Second, taking a cue from its “qualified handicapped individual” argument, FedEx also contends that 14 C.F.R. Part 382 does not make sense if applied to cargo carriers
because Subpart B of these regulations requires aisles of certain dimensions and armrests for passengers, for instance, whereas cargo planes are essentially open shells used to carry containers. Of course, even if FedEx were correct that Subpart B of these regulations applied to its operations, the argument could not reduce the coverage of the ACAA because the argument at best calls for a determination that the application of Part 382 to a cargo carrier is arbitrary and capricious. In other words, arguments of this type are challenges to the validity of these other regulations, not to the possibility of advancing a claim like Bower’s under the ACAA itself.

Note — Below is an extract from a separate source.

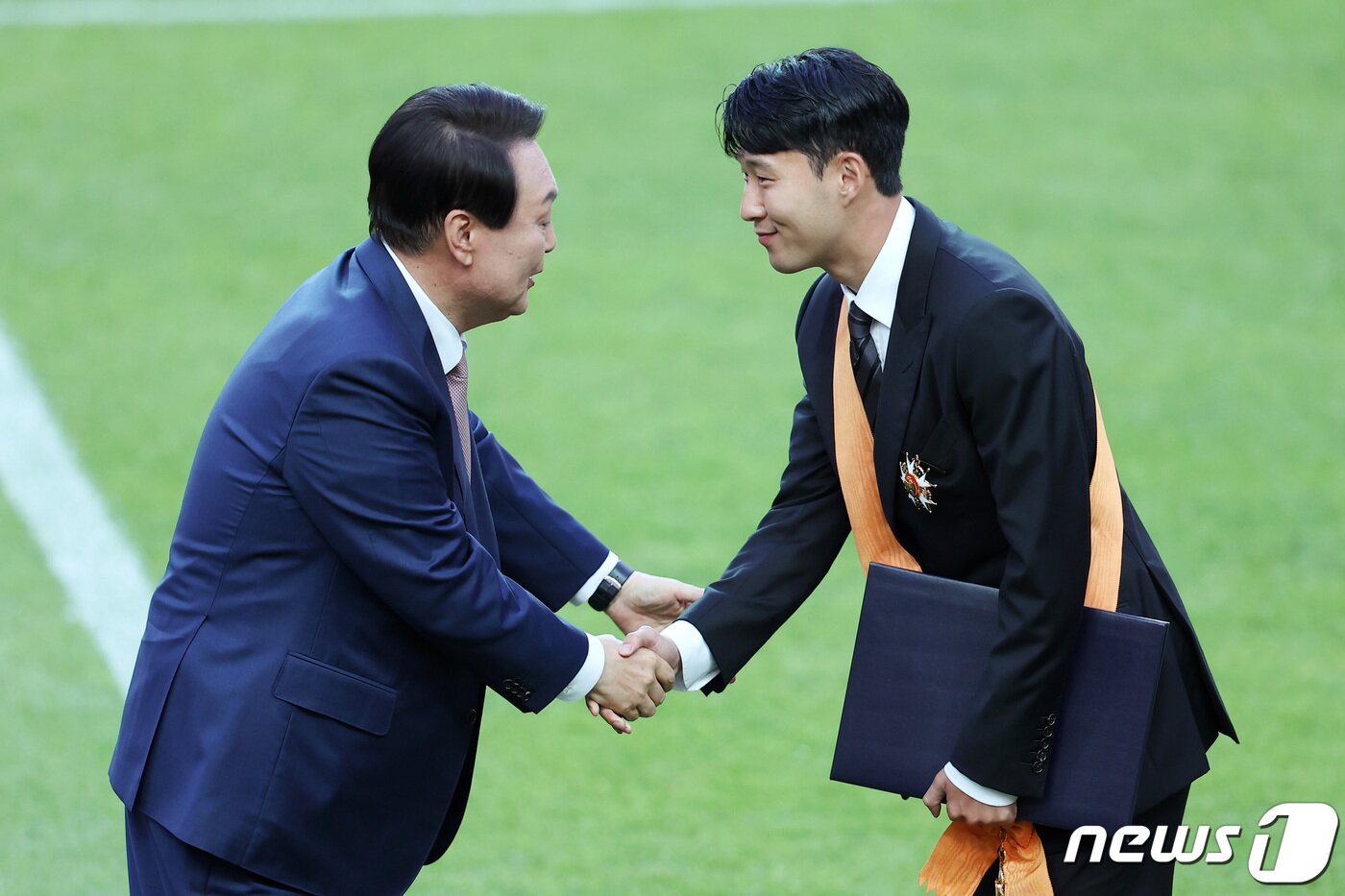 본문 이미지 - 윤석열 대통령이 2일 서울월드컵경기장에서 2002 한일월드컵 20주년 기념 평가전 대한민국-브라질의 경기에 앞서 잉글랜드 프로축구 프리미어리그(EPL)에서 아시아 선수 최초로 득점왕을 차지한 손흥민에게 체육훈장 최고등급인 청룡장을 수여한 뒤 악수를 나누고 있다. 2022.6.2/뉴스1 ⓒ News1 조태형 기자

Moreover, FedEx is misconstruing Subpart B. 14 C.F.R. § 382.21, for instance, does impose various accessibility requirements relating to aisles and armrests, but these requirements are inapplicable to FedEx’s cargo planes because they do not have the requisite number of passenger seats.
See, e.g.,
14 C.F.R. § 382.21(a)(l)(i) (requirements applied to aircraft with 30 or more passenger seats); 14 C.F.R. § 382.21(a)(2) (requirements applicable to aircraft with 100 or more passenger seats). Again, we simply find evidence of the regulatory authorities distinguishing sensibly between cargo carriers and passenger carriers.
Ill
We REVERSE the district court’s order dismissing Bower’s complaint for failure to state a claim because FedEx, a cargo carrier, is undoubtedly covered by the ACAA and REMAND for further proceedings in conformity with this opinion.